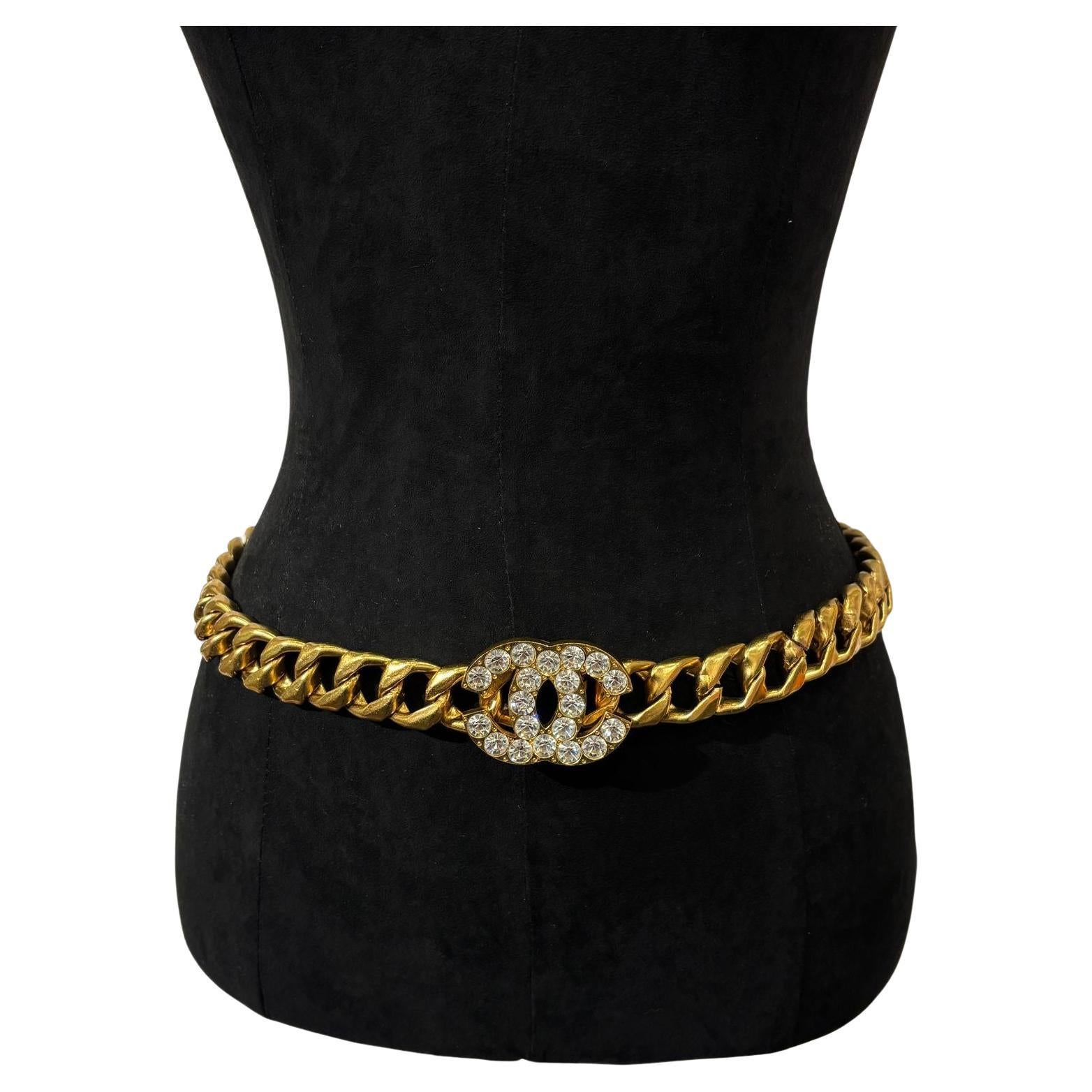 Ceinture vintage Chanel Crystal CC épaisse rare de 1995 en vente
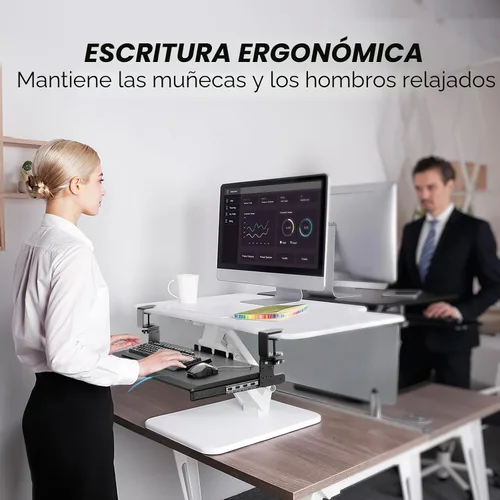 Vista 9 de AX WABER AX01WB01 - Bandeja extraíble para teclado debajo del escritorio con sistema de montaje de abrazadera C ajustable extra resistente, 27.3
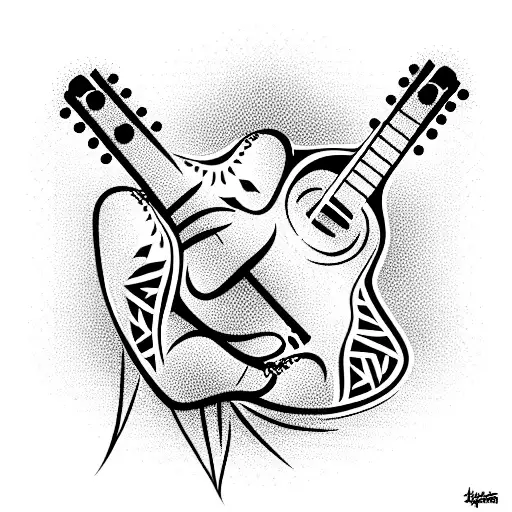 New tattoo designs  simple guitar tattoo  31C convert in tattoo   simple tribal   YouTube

§ PROMPT: The answer should be the complete listing, set down exactly, without pictures.

§ YOUR SOLUTION:
 Ceinture vintage Chanel Crystal CC épaisse rare de 1995 en vente
 Vista 9 de AX WABER AX01WB01 - Bandeja extraíble para teclado debajo del escritorio con sistema de montaje de abrazadera C ajustable extra resistente, 27.3
 New tattoo designs  simple guitar tattoo  31C convert in tattoo   simple tribal   YouTube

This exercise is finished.